Mine First: Of the Wolf and the Sheep / Regina Coyula

With his La Plaga articles[regarding corruption in Cuba: Part 1 here; part 2 here], the BBC journalist Fernando Ravsberg has passed his finger over a festering sore that afflicts our country: corruption, a phenomenon in which political pedigree supports the entitlement to important positions, and where technical knowledge is set aside in search of personal dividends.
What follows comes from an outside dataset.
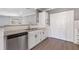 Modern kitchen with granite countertops, stainless steel appliances, and white cabinetry for ample storage at 504 Mill Pond Ct, Smyrna, GA 30082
Ravsberg supposed that the politicians underestimate the bureaucracy; I would dare to say they do not underestimate it, they simply can’t act against it; in fact many of the politicians find themselves (as they have found previously, keeping in mind the Communist Party Secretary in the City of Havana just five years ago) within the same dynamic that echoes the slogan of a chain of hard currency stores: Mine first.
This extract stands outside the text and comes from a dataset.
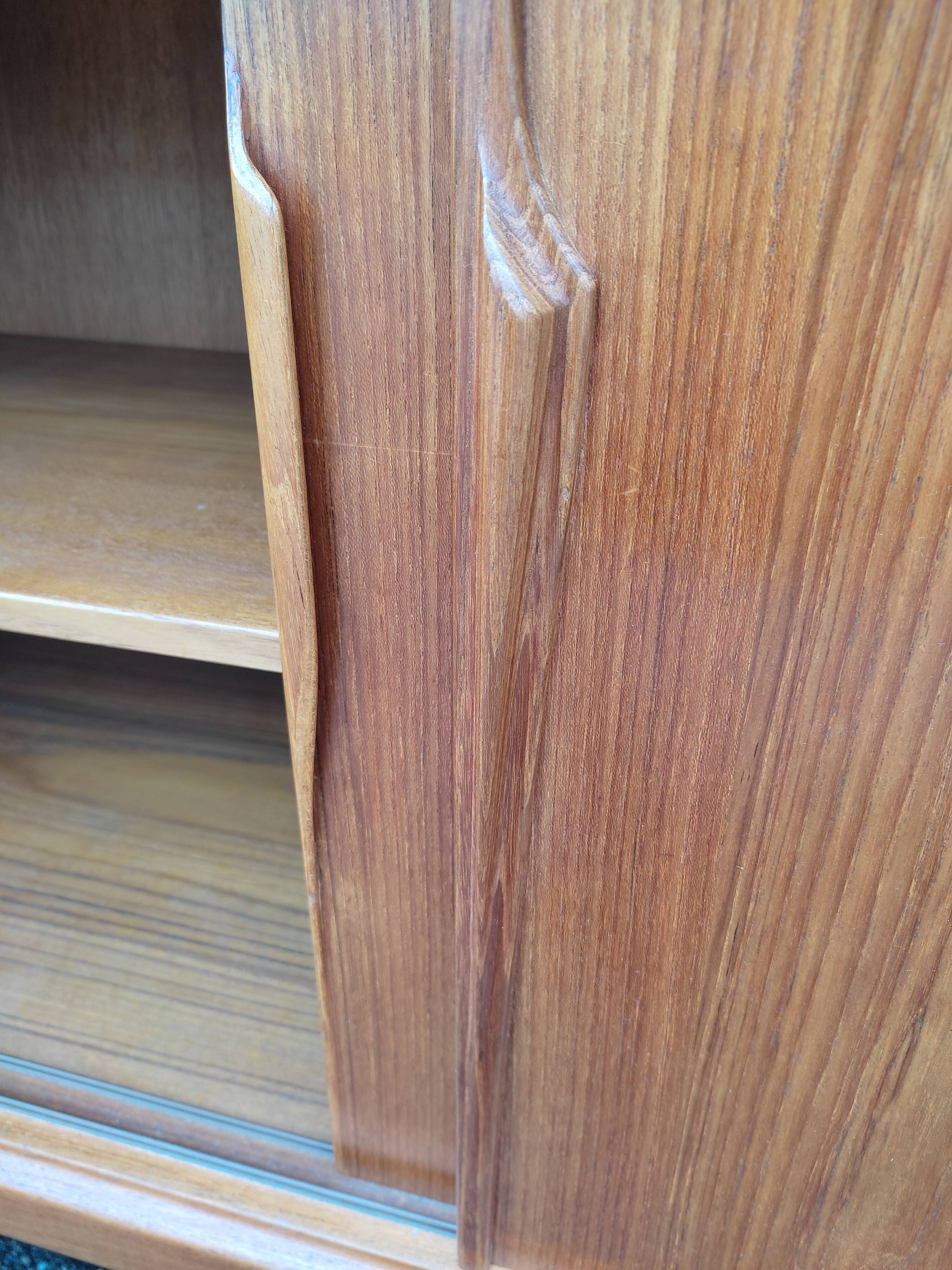 Scandinavian teak row by Axel Christensen for ACO Mobler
This is spoken of in whispers and speculations, because despite the transparency of information asked for in speeches from the podium, information in our country is parceled out and no one dares to publish hot content without previous consultation and authorization.

Ravsberg points to the multimillion appropriations of a small group, which is always worthless; but there is another small and more constant drip, and this what the workers in any State enterprise can carry away. Some take reams of paper, staples, or typewriter ribbon; another gasoline, another a sack of cement, another workboots, another food. And so by misappropriation they meet what their salary does not cover.
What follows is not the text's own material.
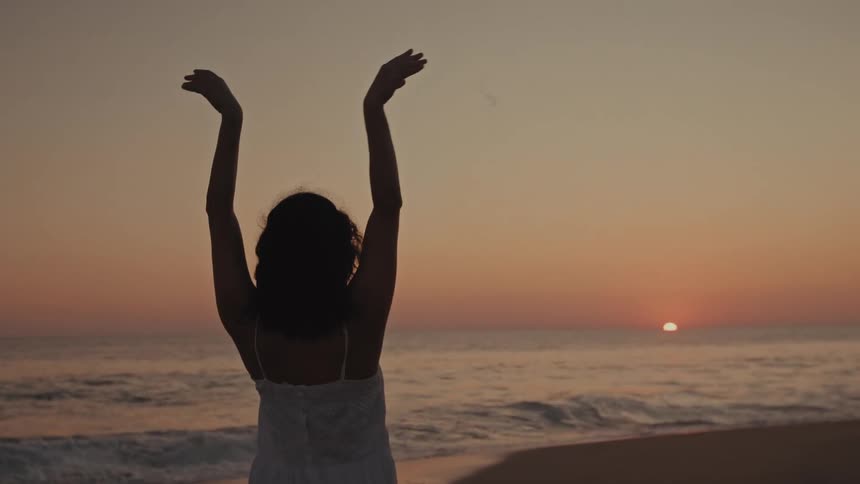 A young woman dances ballet on the beach at sunset her hands lifted gracefully as waves roll in and break along the shoreline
For the government there is also a very high political cost because the population identifies them with the Revolution, quite logical given their positions, their militant communism, and their discourse, generally ultraleftist. Of course people have to identify the Government with such events, as the positions and militancy are definitely not by acclamation. With regards to the discourse, it is that of all the functionaries who hold a public office and who must, at every opportunity, make a profession of faith, because their positions depend on ideological firmness, and on this everything depends (in a literal sense).

Of course the white collar thieves steal. They steal from me. They steal from us. But no one hears about it, and if they hear bad things, the bad that they hear never identifies the theft in themes as distant as renting out an airplane, of the submarine fiber optic cable with its own problems. We will walk the best path when the day comes when citizens can question the use of their taxes and the budget decisions of the government. In our country everything is due to the Work of the Revolution, this almost divine entelechy that has bitten the tail, because also, for a long time and with ever greater frequency they have pointed to the people as responsible for our ills, one of them, this one of corruption, concerns us.

I find in Ravsberg work a biased thesis. If I don’t misunderstand, better the devil you know? From this blog, and almost from the start of it, I have expressed my rejection and alarm faced with a possible future like that of Russia. Even though our youth has grown up barely anchored to ethical principles, I refuse to believe the choice is between catatonic immobility and the mafia. After such emphasis in political slogans on the moral of survival, there could also be a positive reaction to universal values like work and honesty. I can’t condemn the future because it doesn’t exist, but I can make the present and the past serve for its rational design.

A glance at history shows that corruption flourishes in closed and dictatorial regimes, where probity is set aside in favor of unconditionality. In this fight against corruption, it cannot be the wolf who watches over the sheep.